● **Task description**: Give again, word for word, the line holding "101 Himmelsobjekte, die" and every line after it through the end of the data below. Omit pictures.

● **Supplied data**:

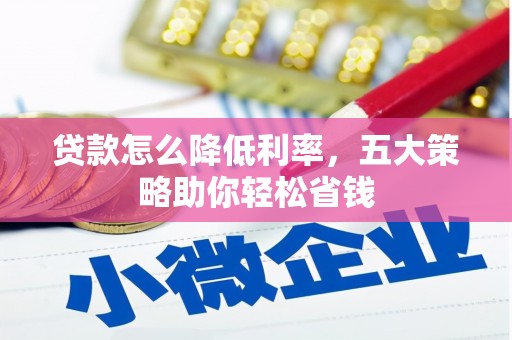 和平贷款怎么降低利率，五大策略助你轻松省钱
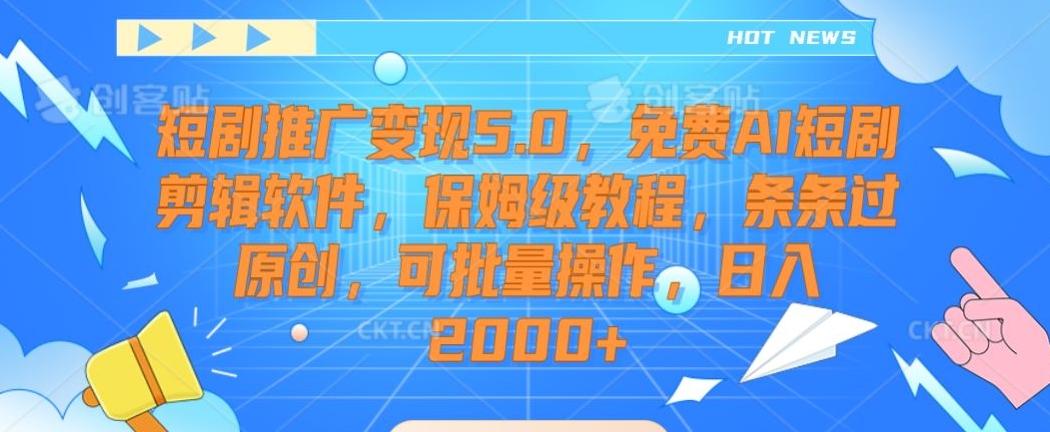 短剧推广变现5.0，免费AI短剧剪辑软件，保姆级教程，条条过原创，可批量操作，日入2000+【揭秘】-闲赋网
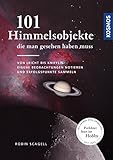 101 Himmelsobjekte, die man gesehen haben muss: Von leicht bis knifflig: eigene Beobachtungen notier livre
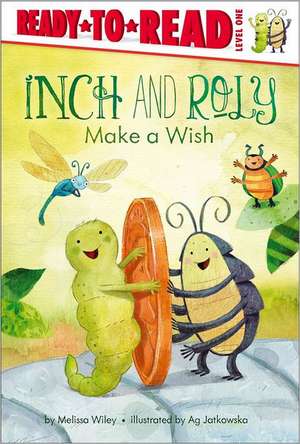 Inch and Roly Make a Wish de Melissa Wiley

● **Solution for this task**:
 101 Himmelsobjekte, die man gesehen haben muss: Von leicht bis knifflig: eigene Beobachtungen notier livre
 Inch and Roly Make a Wish de Melissa Wiley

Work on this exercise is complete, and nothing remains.